I’ll admit when I started off the novel, I worried that the 4 POVs were too difficult to separate and that I would have a hard time connecting with the characters and understanding the story because of it. However, after reading each POV maybe 2-3 times, this was no longer a problem for me. My only complaint of the POVs after finishing the book would be that I don’t really think Alfred brought anything to the story other than helping Florian and Joana and I’m not sure that he was really needed.
One of the biggest strengths of Salt to the Sea is that you truly see how much the war affected everyone. I’ve read my fair share of WWII historical fiction, but the vast majority of it focuses on either how the soldiers were affected or how hard it was for those who were taken to the ghettos and/or concentration camps. While these are obviously important stories to tell, it’s just as important (not to mention interesting) to see how others were affected. You get a true sense of their desperation and need to escape the war.
As I already briefly mentioned, Salt to the Sea, like Between Shades of Gray, tells a fictional story of a true event that is not very well known. As is mentioned in Sepetys’ author’s note, the sinking of the Wilhelm Gustloff is one of the biggest maritime disasters in recorded history – over 9,000 people died – yet most people have never heard of it. I hadn’t until I read this. Sepetys brings awareness to this tragic event and allows those who died to be remembered.
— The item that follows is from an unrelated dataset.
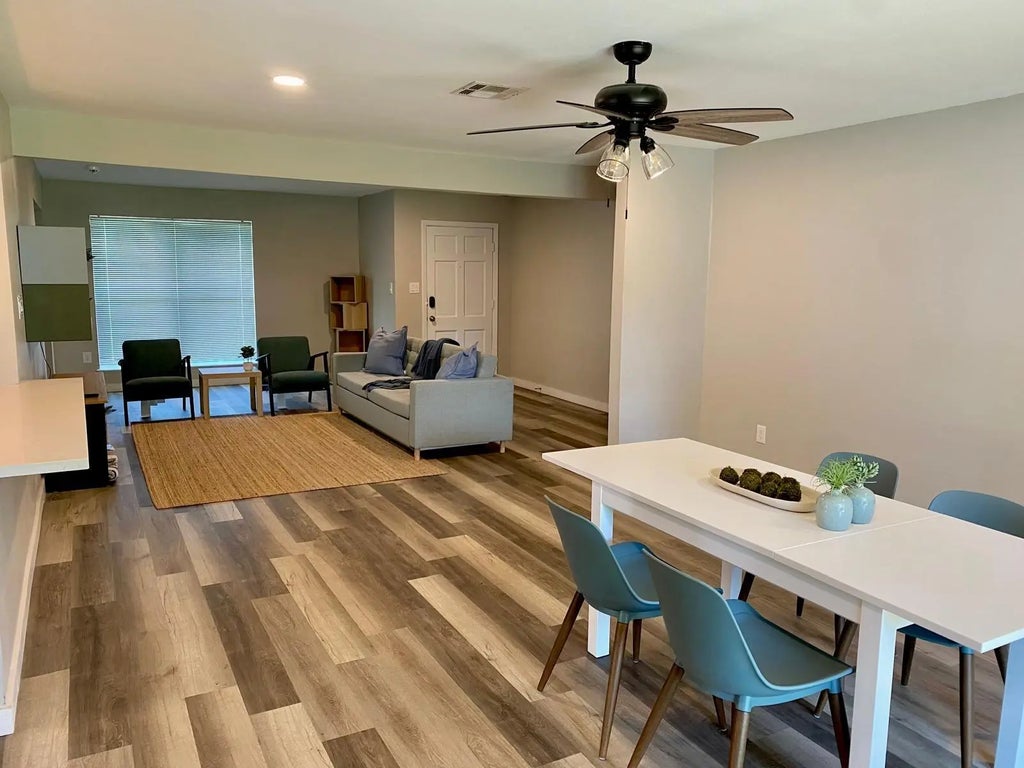 6023 Claridge Drive, Houston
As I expected, the writing was great. It easily gets you to connect with the characters, including side characters. (Again, the exception being Alfred.) Despite going into the book knowing that the Wilhelm Gustloff would sink, I was still getting so nervous and upset as the boat began to sink. I wanted so badly for everyone to get their happy ending despite knowing that it was unlikely.
My complaints are few and small. A large portion of the book focuses on the characters traveling, trying to make it to the port to secure a spot on one of the ships. This could be quite slow and boring at times. However, I still really enjoyed getting to know the characters, both as individuals and as a group.
My other complaint is half-complaint, half-praise (confusing, I know). The chapters are extremely short. I think the longest one was maybe 4-5 pages but most were around 2-3. For the most part, this was not an issue for me at all. I like short chapters as I don’t have the best attention span and so being able to take breaks without having to stop in the middle of a chapter was greatly appreciated. I also liked the short chapters since it made it easier to read when I only had a few minutes to spare (I hate having to stop in the middle of a chapter and thus usually only read if I know I have plenty of time to do so). The reason why I also feel the short length wasn’t a good thing was because there were times where I really wanted more of that particular moment in that particular POV and only getting 2 pages could be frustrating.
This really was an absolutely fantastic read. If you’re a fan of YA historical fiction, I would recommend this to you. If you like learning about little-known parts of history, I would recommend this to you. Basically, if anything about this book sounds appealing to you, I would recommend it to you. Sepetys wrote a wonderfully touching and heart-breaking story that will surely leave its mark on you.